And y’all thought 2020 was going to be the worst year
[cop sniffing me] you’re all over the road get out of the vehicle
[me after putting on too much hand cream] I’ll try
[scrabble]
BATMAN: pass
SUPERMAN: again?
BATMAN: can’t spell anything
SUPERMAN: *rubbing temples* not every word has to start with BAT
SURE IF YOU LIVE IN THE WOODS THERE IS A NON-ZERO CHANCE YOU WILL BE TORN APART BY SOMETHING BIGGER THAN YOU BUT I CAN GUARANTEE YOU WILL NEVER HAVE TO HEAR ABOUT PODCASTS AGAIN
[wife looking at sketch of donut burglar on the news]
“he looks like you”
[me holding huge glass of milk on way to basement] it’s not though
Went to a social event for my kid’s new school and they asked the parents to share what your friends like in 7th grade and I told them if I shared that you wouldn’t let your kid hang out with mine.
I get it garden box. If someone massaged me, gave me the best nutrients, plenty of water & let me rest in the sun, I would be capable of producing amazing things, too
I’m a bad influence on myself.
[Getting phone call from the School]
Teacher: I’m afraid I have to inform you, your son was in a fight.
M: Did he win?
T: That’s not really relevant.
M: It is to the winner.
I’m not smart enough to have this many people dumber than me.
Me: honey, want anything from the grocery store
Him: I feel like grapes but I don’t really like grapes
Me: say no more
If you’re stupid and you know it close your mouth.
There’s no time like the present. Or later. Later on is pretty similar, actually.
If I ever get remarried, I am walking down the aisle to the theme song from Jaws.
Psychopaths make up about 1% of the US population. Exposing them is easy, just text your friends & check who has their read receipts on.
lol
hamburger doesn’t need your help.
dog: i want to go to up to the stars with you
astronaut: space is a vacuum
dog: i’ll see you when you get back
“If you can’t beat them, join them,” I say, as I join my kids in demanding someone make breakfast.
wife [on Facebook] Spent the day with the kids.

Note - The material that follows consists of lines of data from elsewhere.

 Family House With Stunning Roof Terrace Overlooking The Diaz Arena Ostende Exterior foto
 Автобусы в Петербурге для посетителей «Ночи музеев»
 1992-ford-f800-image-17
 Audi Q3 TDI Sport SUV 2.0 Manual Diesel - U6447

We had so much fun!
wife [to me] Do you know what those little shits did to me today?
I wonder why nobody told Forrest Gump’s mom that all you have to do is flip over the box of chocolates and it tells you what’s inside.
zordon: YOU ARE MY POWER RANGERS
9th graders: whoa!
zordon: HERE ARE THE KEYS TO THE MEGAZORD
9th graders: but we don’t even have our driver’s licens–
zordon: GO GO POWER RANGERS
My daughter just called me “Whatever your name is” so you know I’m killing it at parenting multiple kids over here.

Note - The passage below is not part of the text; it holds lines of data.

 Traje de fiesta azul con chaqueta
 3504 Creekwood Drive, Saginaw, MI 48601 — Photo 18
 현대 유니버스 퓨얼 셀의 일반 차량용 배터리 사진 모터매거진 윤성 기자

[sitting on my couch eating matzah slathered in Nutella, watching Masterchef] wow I can’t believe he didn’t bake his cheesecake in a water bath
When you think about it, the little old man behind the curtain in Oz was the original catfish.

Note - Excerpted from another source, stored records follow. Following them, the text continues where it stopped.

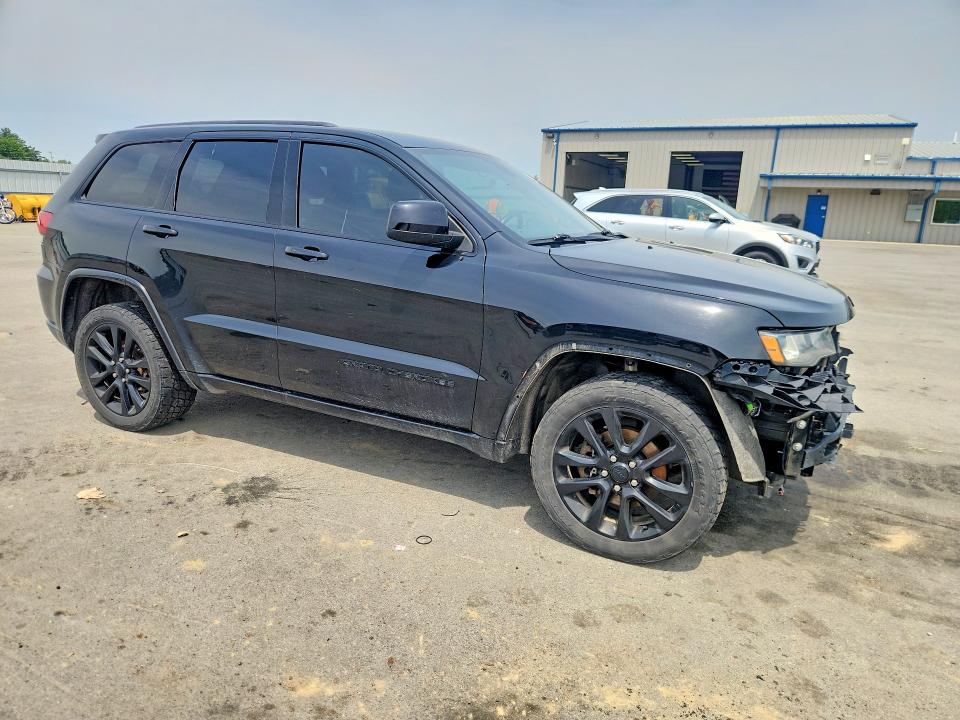 54704526 :رقم المزاد ، 1C4RJFAG0JC202808 vin ، 2018 Jeep Grand Cherokee مزاد بيع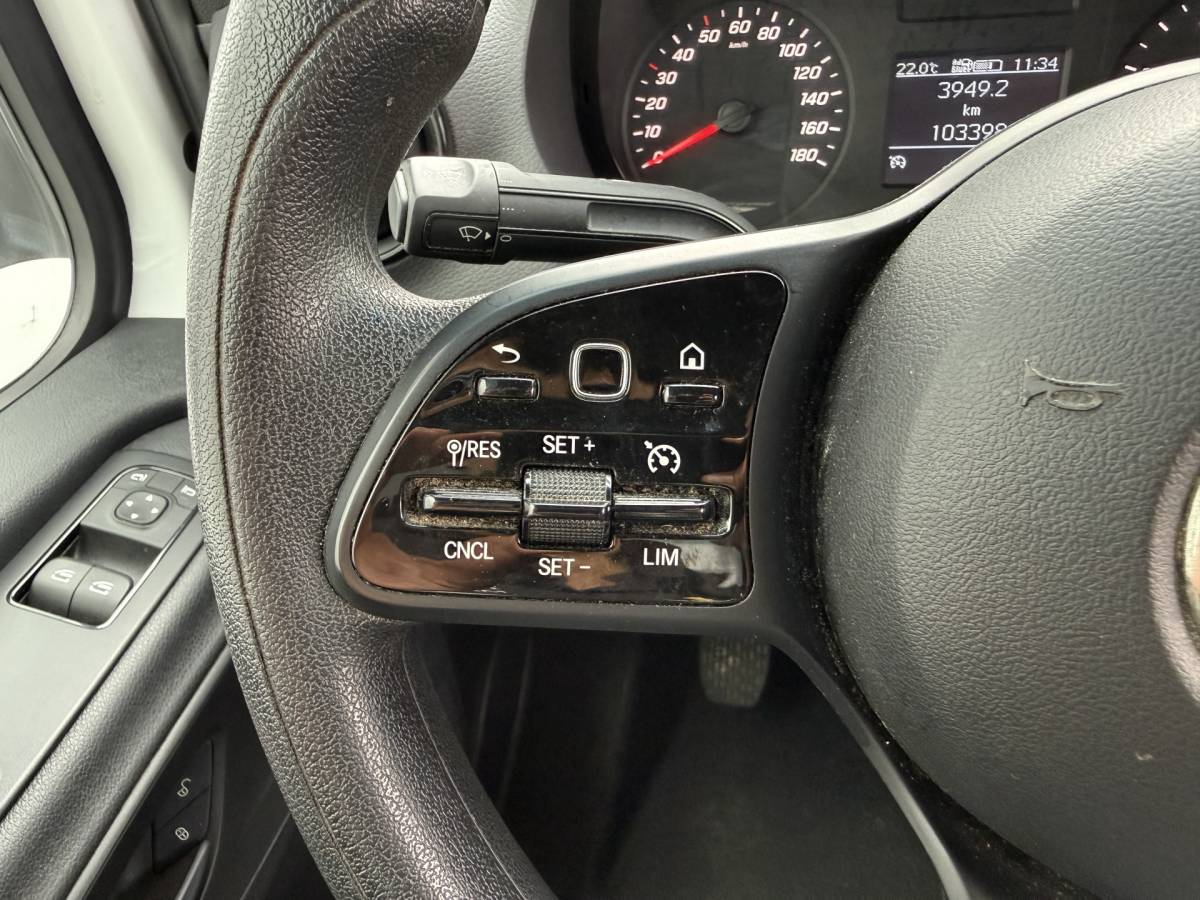 Mercedes-Benz Sprinter Mercedes-Benz Sprinter 515 1.9 CDI 150PK Laadklep Bakwagen Dubbellucht Climate Control Cruise Control Apple Carplay Koffer Meubelbak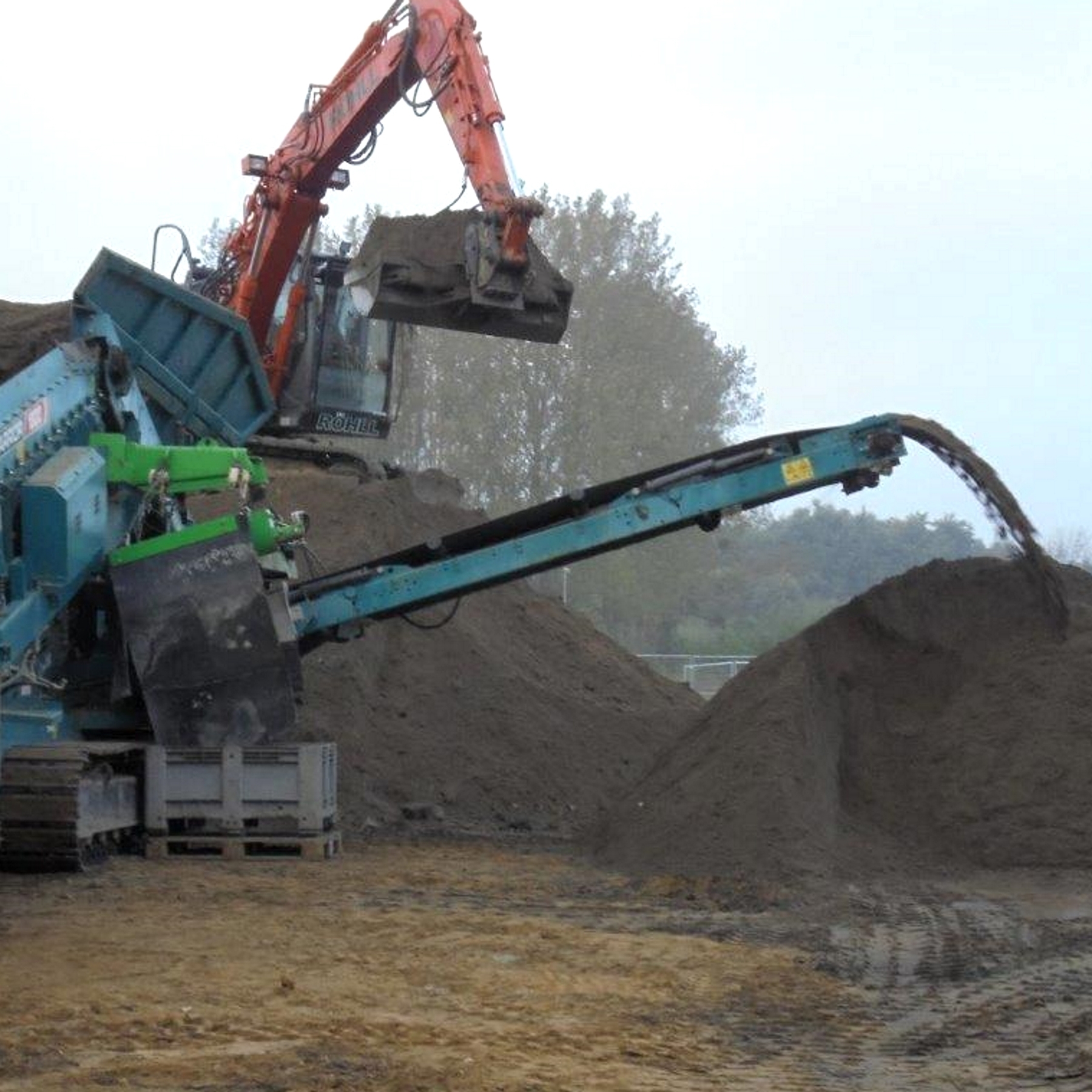 Kampfmittelberäumung - das Erdreich wird gesiebt. © 2018 Betrieb für Bau und Liegenschaften Mecklenburg-Vorpommern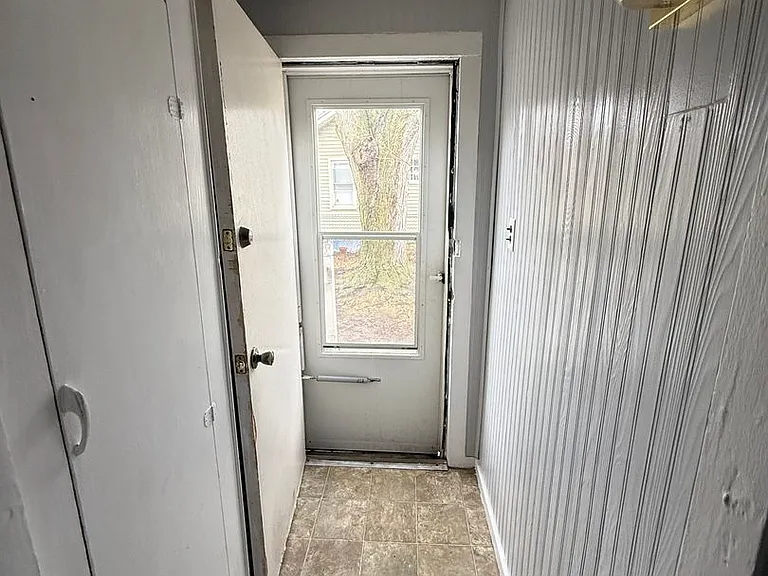 843 Bennett St N #613-W-& — Photo 5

I like to put powdered sugar around my nose before Zoom meetings
*valentine’s night*
Me: I got you a new pair of shoes
Her: *crying* I sold my feet to buy you these earrings!
Me: *also begins to cry* I can’t hear you
In 8th grade my teacher told me if I didn’t stop talking I wouldn’t remember anything from her class. Well, 20+ years later, and I’m here to tell her she was totally wrong. I remember Craig. The boy who sat next to me and ate his scabs.
Whenever I see WHOA spelled as WOAH, I assume it’s referring to Noah’s evil twin whose Ark housed all the insect and arachnid life.